The clouds and sunsets have been so magical of late. They nourish me!

The clouds and sunsets have been so magical of late. They nourish me!

Fortunately for me, it was one day of misery whereas for many, it does not end. I knew and could feel the pineal expansion taking place. I feel our organs and digestive systems are being over hauled. I sense we will soon be able to exist and be nourished by sunlight, food being a pleasure we can indulge in but no longer a necessity for our bodies to function. I felt my torso elongate and more light flow within. Fatigue is once again back, needing afternoons and evenings of stillness and quiet to integrate all the lovelight flowing in. Our bodies can go into anxiety as truly we are dying while living. The physical ascension time is here. Our light bodies are coming online more and more. All strange, new and at times, disconcerting. Dream time is becoming more vivid as this reality begins to shift and feel to be the illusion.

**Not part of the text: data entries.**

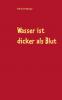 Wasser ist dicker als Blut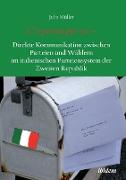 C'è posta per te - Direkte Kommunikation zwischen Parteien und Wählern im italienischen Parteiensystem der Zweiten Republik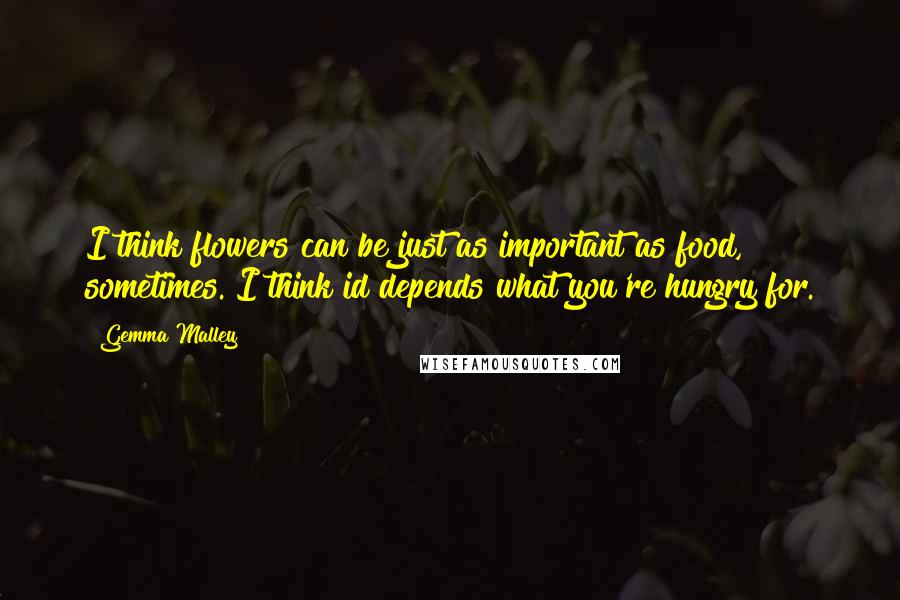 Gemma Malley Quotes: I think flowers can be just as important as food, sometimes. I think id depends what you're hungry for.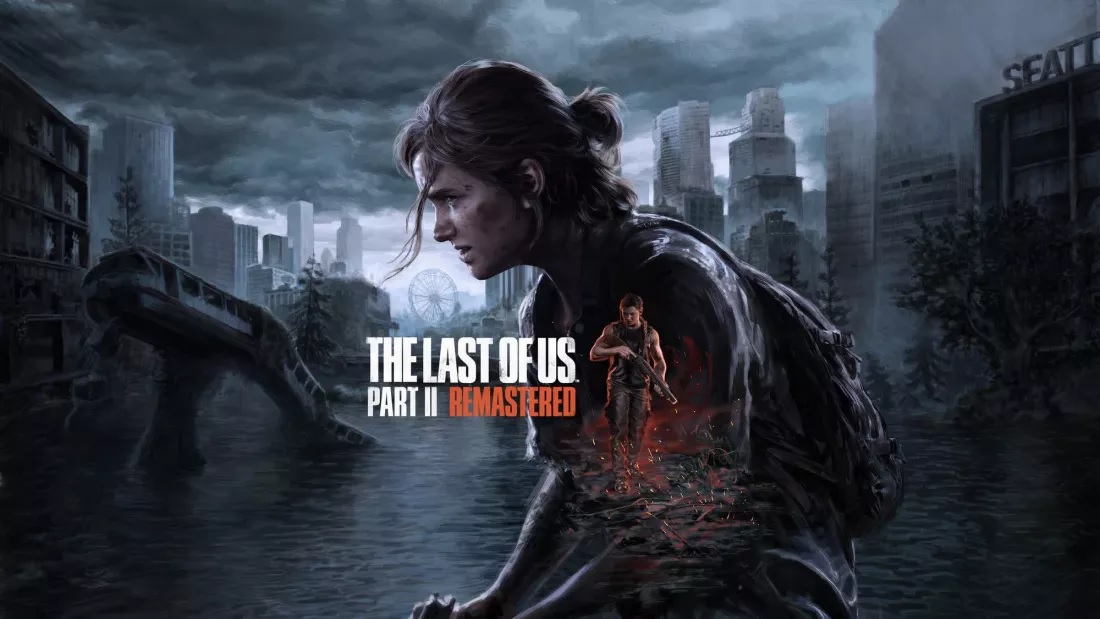 The Last of Us Part II Remastered Siap Hadir di PC pada 3 April 2025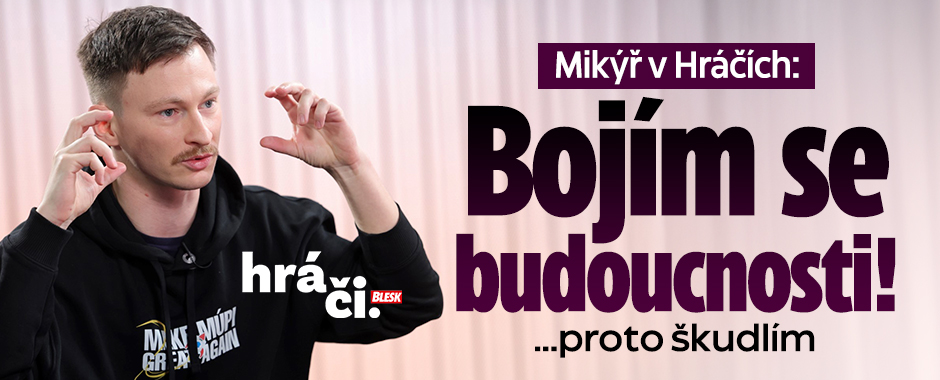 Mikýř v Hráčích: Já se budoucnosti bojím!…proto škudlím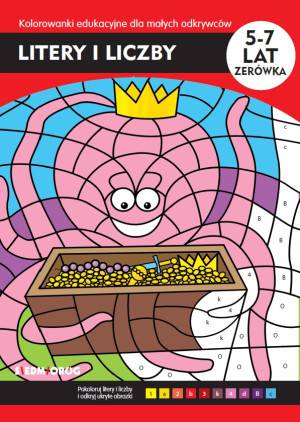 Litery i liczby Kolorowani edukacyjne dla małych odkrywców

Sun dappled road, breathing in the trees' gift.

Sun dappled road, breathing in the trees’ gift.

It is a time to reach out to one another, to offer reassurance and receive it. It can be a wobbly experience with highs and lows. I felt positively pregnant the other day. Smells were assaulting me, nausea present, irritability and fatigue levels were high. I have not felt so fragile in a long time. Sunshine and warmth outside yet I wanted to stay curled up inside, cocooned in a smaller space. The desire for solitude, rest, quiet, peace is overwhelming. Yet there is chaos abounding. Intensity in the body, the psyche, the emotions. Many at their breaking point and beyond. I know that I am here as a pillar of peace in these times. I can feel the low thrum of my inner being, sending out the “all is well” tone while the surface churns and rumbles.

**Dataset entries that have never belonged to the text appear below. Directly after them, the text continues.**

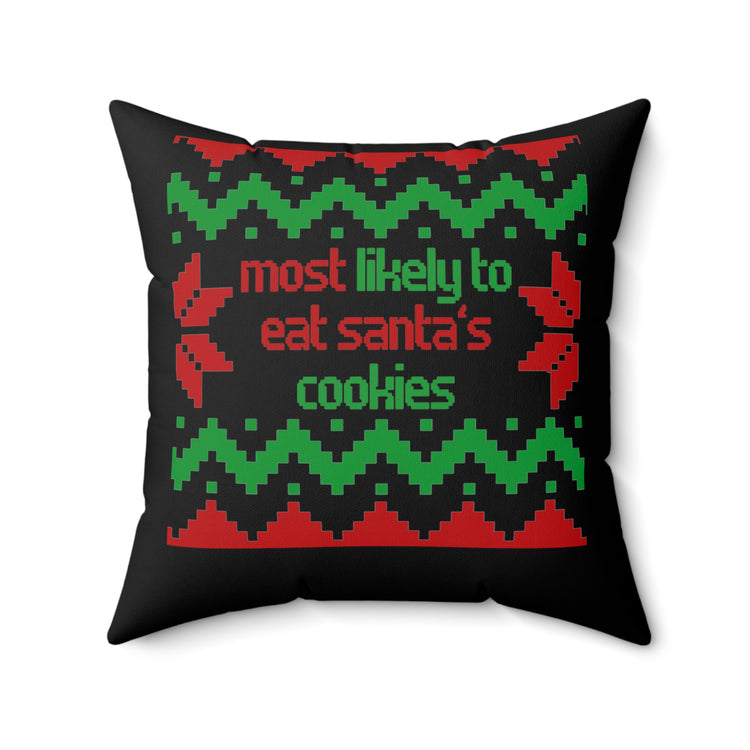 Funny Saying Most Likely To Eat Cookies Christmas Women Men Fun Christmas Sarcasm Most Likely To Eat  Spun Polyester Square Pillow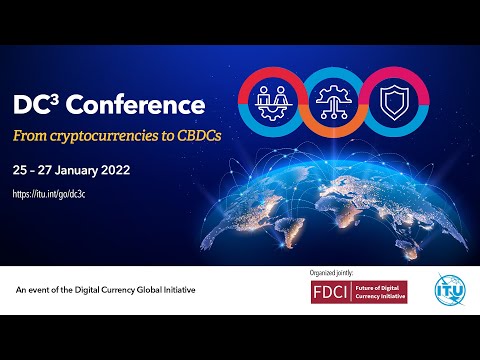 DC³ Conference - From Cryptocurrencies to CBDCs​ -Opening session: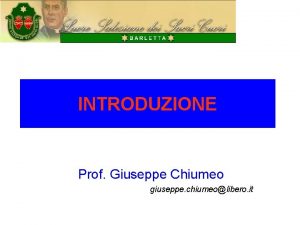 INTRODUZIONE Prof Giuseppe Chiumeo giuseppe chiumeolibero it Perch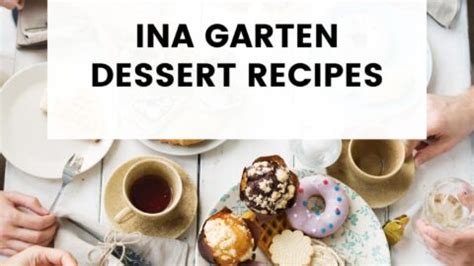 Ina Garten Dessert Recipes Delish Sides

I trust this process despite feeling stretched wide and thin. We did not know exactly how this transformation into the new era of peace would transpire, but we did know that we would be a part of it. It is a time of massive completions for our souls. We are finishing all the loose ends of our lifetimes on this planet. Wrapping it up, seeking closure with one and all. For me, this is my final lifetime here and I know that I am staying to participate in co-creating the new love pods and systems. I desire to experience the joy of freedom, on what has been a prison planet for so long, and carry that experience forward into new worlds and universes.

Magnificent rainbow that we watched form on the 9-9 gateway. We are being invited to enter in.

Magnificent rainbow that we watched form on the 9-9 gateway. We are being invited to enter in.

I trust that this is happening as I can feel and sense its completion. It is done. We did it! Now to live each day in the knowing, breathing that into the collective to uplift all as we move through the dismantling and chaos that change brings. Trust yourself, trust in the love. Know that we are always moving to more, not less. More joy, more heartfelt connections with soul family and our mother earth, more radiant health, more freedom, more knowing and truth. Embrace the changes, even in the moments of extreme discomfort as all heralds the new. It is time, We are becoming our true selves.

Be gentle, oh so gentle with yourself. We are birthing ourselves, our I Am presences descending into form. Our bodies are offering themselves as bridges to bring heaven to earth. Honor them. Honor their needs.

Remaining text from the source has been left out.